Cunha ameaça deputados: “Julgar sabendo que amanhã serão julgados”
Em entrevista ao jornal Folha de S. Paulo, Eduardo Cunha (PMDB-RJ), que deve ser julgado nesta segunda-feira (12) pelo plenário da Câmara dos Deputados, disse considerar “absurdo” ter o mandato cassado sob a acusação de mentir. “Ser cassado sob acusação de mentir? Como se todo mundo só falasse a verdade?”, disse ele.
Cunha pede aos parlamentares que deixem o Supremo Tribunal Federal (STF) decidir sobre o seu julgamento e que não cassem o seu mandato. “Se menti ou não menti, será resolvido quando o Supremo decidir [o caso]. Se for condenado, terei mentido. Se não for, não terei”, afirmou ele, não negando o fato de ter mentido sobre a existência de cinco contas na Suíça encontradas pelas investigações da Operação Lava Jato, que responde como réu no processo.
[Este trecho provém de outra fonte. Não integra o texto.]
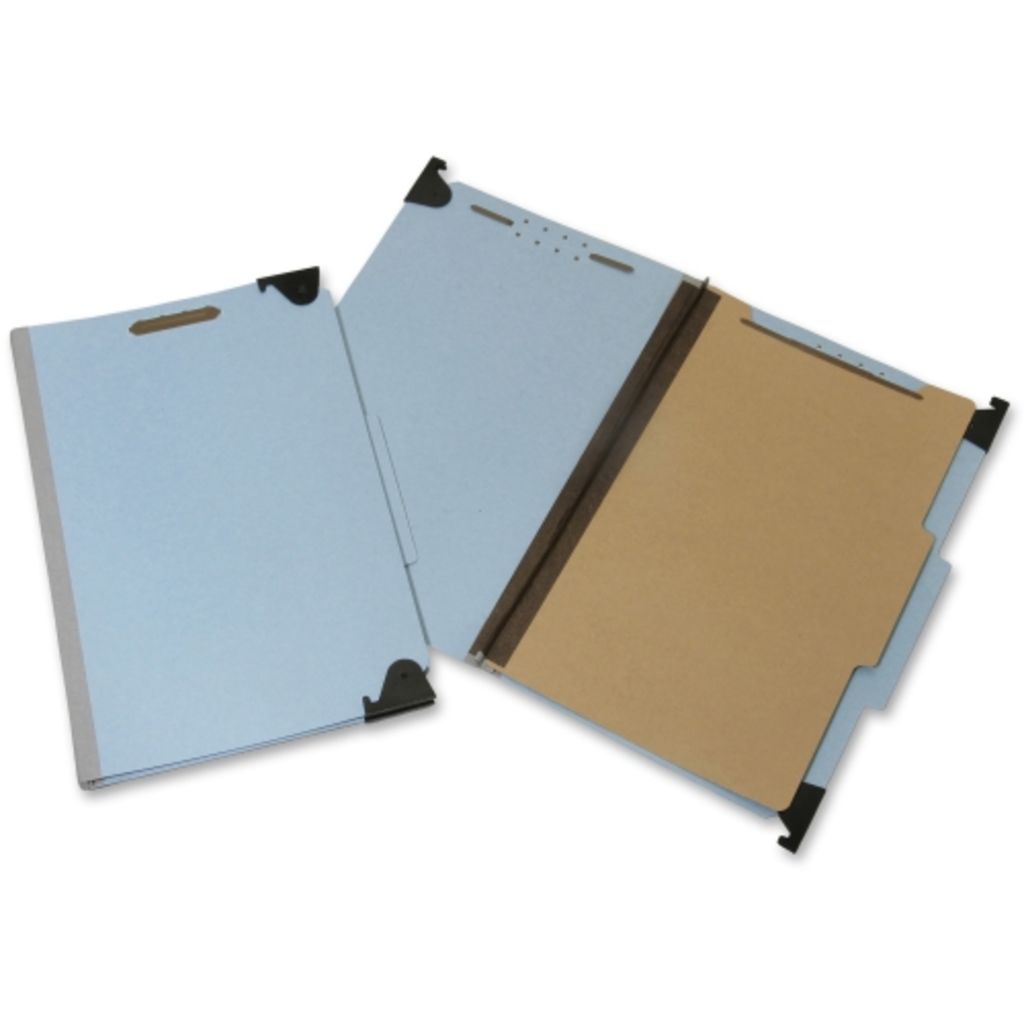 FOLDER, FILE, HANGING, LIGHT BLUE, LEGAL SIZE, 1DIVIDER, 4 SECTIONS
Aproveitou para advertir os deputados. Disse que eles precisam “julgar sabendo que amanhã serão julgados”. E fez questão de lembrar que cerca de 160 deputados são alvo de investigações. “Falam que fiz ameaça quando disse que mais de 160 parlamentares estão sob investigação, com inquérito, processo. Se eles forem julgados pelo texto da acusação, não vai sobrar ninguém”, disse.
Quando questionado sobre o processo de julgamento do impeachment no Senado que consumou o golpe contra o mandato da presidenta Dilma Rousseff iniciado por ele na Câmara, não mencionou os tais “crimes de responsabilidade” que ele disse haver para admitir a abertura do processo. Falou somente sobre as acusações contra o PT que tratam sobre doações de campanha como se sobre ele não pesassem as mesmas acusações com o agravante de que ele é réu, com direito ao flagrante de cinco contas não declaradas na Suíça.
“Por mais que ela queira dizer que não teve nenhum crime, o crime de caixa 2 da campanha dela vai ter a consequência da cassação da chapa no TSE. Não sei se vai incluir o [então] vice, essa é uma decisão do TSE (Tribunal Superior Eleitoral). Mas, do foi apresentado ali, não tenho dúvida que vai caminhar para a cassação”, disse Cunha.
Cunha demonstra na entrevista que não está otimista quanto ao resultado da votação desta segunda. “Me punir passou a ser uma demanda. Então, como é uma demanda estão discutindo a dosimetria da minha punição (risos)”, ironizou.
Disse ainda que não se sente abandonado pelo seu partido, o PMDB, mas salientou que não se sente “nem amparado”.
Sobre o seu parceiro no golpe, Cunha admite que Temer vive uma crise de representatividade e que sua agenda de retrocessos não será aceita pelos 54 milhões de eleitores que votaram em Dilma sob outra plataforma de governo.
“Há a sensação de que ele fica refém, porque ele entrega a política e o governo para aqueles que foram a oposição, que perderam a eleição”, disse Cunha, citando o PSDB e DEM, do candidato derrotado Aécio Neves. “Se você quer legitimar o poder, tem que legitimar o poder eleito pelos 54 milhões. Quando você quer fazer o programa do PSDB e do DEM, passa a impressão de que quem está governando é o PSDB e o DEM. De uma certa forma, está trazendo para si a falta de representatividade”, completou ele, afirmando que Temer é refém dos tucanos.
Apesar de dizer por vezes que Temer é “legítimo” porque foi eleito na chapa que elegeu Dilma, Cunha afirma: “Não dá para se comportar como se tivesse se ganho uma eleição, com um programa que não foi discutido e apresentado à sociedade”.
Cunha considera que foi um erro de estratégia política ter rompido oficialmente com o governo da presidenta Dilma, escancarando que preferiria ter feito o jogo duplo, atuando nos bastidores contra o governo, como já vinha fazendo.
“O confronto exagerado que estabeleci [com Rodrigo Janot] acabou chamando uma reação corporativa do Ministério Público. E, talvez, eu devesse ter ignorado o governo, não ter partido para o rompimento. Estava convencido de que havia articulações para me constranger. O problema é que eu poderia ter continuado com a minha certeza e não ter reagido como reagi”, afirmou.
Disse que, caso seja cassado, pretende escrever um livro. “Vou escrever com todos os detalhes tudo o que aconteceu dentro desse processo do qual participei. Tenho uma boa memória, né? Tenho ele rascunhado dentro da minha cabeça. Pretendo ter ele pronto até o fim desse ano. Acho que, talvez, o ponto de partida seja as manifestações de 2013. Tudo começa ali”, disse.
E completou: “Não espero perder o mandato mas, se acontecer, o livro vai sair mas rápido. Vou ter mais tempo”.